*Requirement*
Each entry is to be repeated word for word, and the images are to be dropped.
-- Given data follows --
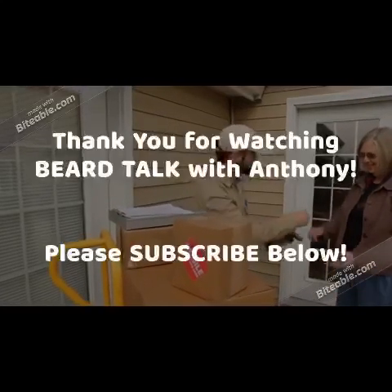You can find me on Twitter at NewYorkBeardsman — that's N-Y-B-E-A-R-D-S-M-A-N — and on YouTube at Beard Talk with Anthony. Thank you guys, and I'll be back soon. Until then, keep on growing that epic beard. Take care, guys. Bye-bye.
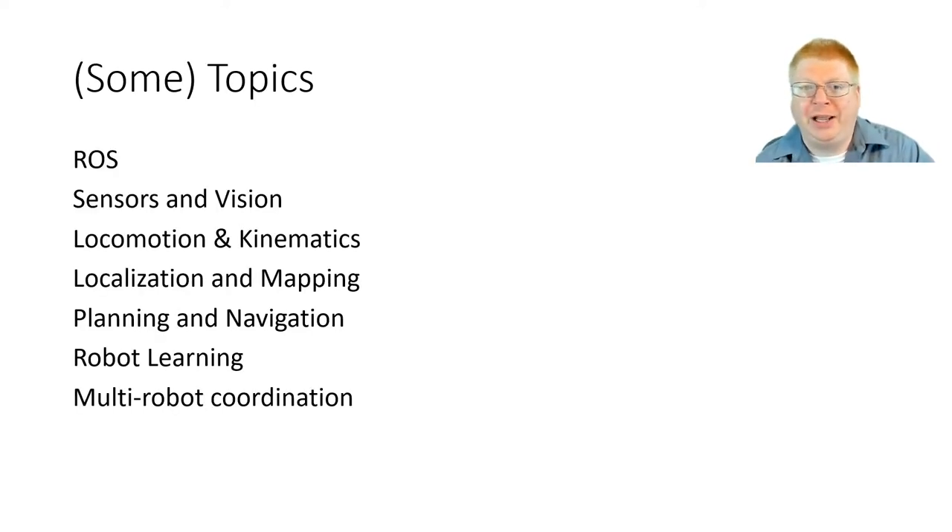What exactly will we be looking at? First of all, we will be learning ROS, the Robot Operating System, and then we'll be covering the normal things like sensors and vision, some kinematics, and locomotion — how you move. There'll be some stuff with localization, figuring out where you are in the world and how you build a map. And then the more AI-type stuff will be planning and search. We'll do some reinforcement learning and also multi-robot systems.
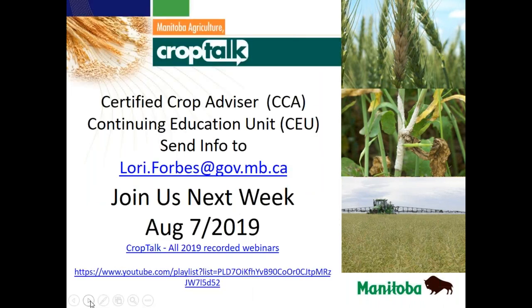Join us next week August 7th for the next broadcast. If you're wanting to view this webinar or previous webinars online, the links are on screen. With that, thanks for attending and see you next week.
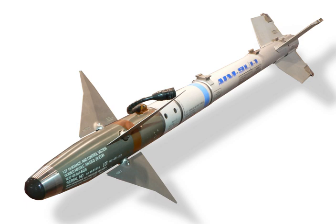The AIM-9 Sidewinder is a short-range air-to-air missile which entered service with the U.S. Navy in 1956 and subsequently was adopted by the U.S. Air Force in 1964. Since then the Sidewinder has proved to be an enduring international success, and its latest variants are still standard equipment in most Western-aligned air forces. The Soviet K-13, a reverse-engineered copy of the AIM-9, was also widely adopted by a number of nations.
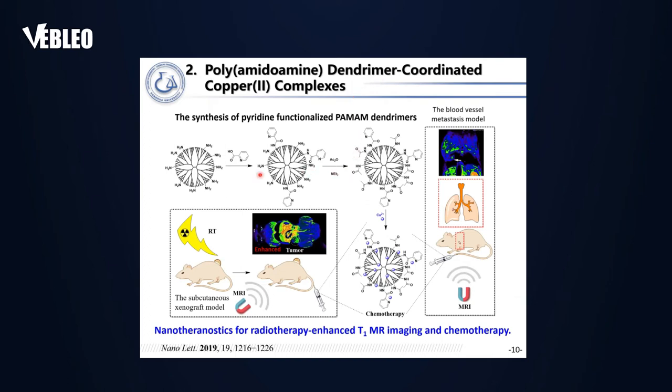For the first work, we developed a PAMAM dendrimer coordinated copper(II) complex. We started with generation-5 amine-terminated PAMAM dendrimer, conjugated with pyridine, and the remaining surface amines were acetylated to neutralize the positive charge. After that, we coordinated with copper(II) ions to form the complex. This copper–pyridine complex can be used for chemotherapy and MR imaging, and because copper is a heavy metal it can also be applied for radiotherapy to enhance both the chemotherapy effect and MR imaging diagnosis.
-- Given data concluded --
*Result of the exercise*
You can find me on Twitter at NewYorkBeardsman — that's N-Y-B-E-A-R-D-S-M-A-N — and on YouTube at Beard Talk with Anthony. Thank you guys, and I'll be back soon. Until then, keep on growing that epic beard. Take care, guys. Bye-bye.
What exactly will we be looking at? First of all, we will be learning ROS, the Robot Operating System, and then we'll be covering the normal things like sensors and vision, some kinematics, and locomotion — how you move. There'll be some stuff with localization, figuring out where you are in the world and how you build a map. And then the more AI-type stuff will be planning and search. We'll do some reinforcement learning and also multi-robot systems.
Join us next week August 7th for the next broadcast. If you're wanting to view this webinar or previous webinars online, the links are on screen. With that, thanks for attending and see you next week.
The AIM-9 Sidewinder is a short-range air-to-air missile which entered service with the U.S. Navy in 1956 and subsequently was adopted by the U.S. Air Force in 1964. Since then the Sidewinder has proved to be an enduring international success, and its latest variants are still standard equipment in most Western-aligned air forces. The Soviet K-13, a reverse-engineered copy of the AIM-9, was also widely adopted by a number of nations.
For the first work, we developed a PAMAM dendrimer coordinated copper(II) complex. We started with generation-5 amine-terminated PAMAM dendrimer, conjugated with pyridine, and the remaining surface amines were acetylated to neutralize the positive charge. After that, we coordinated with copper(II) ions to form the complex. This copper–pyridine complex can be used for chemotherapy and MR imaging, and because copper is a heavy metal it can also be applied for radiotherapy to enhance both the chemotherapy effect and MR imaging diagnosis.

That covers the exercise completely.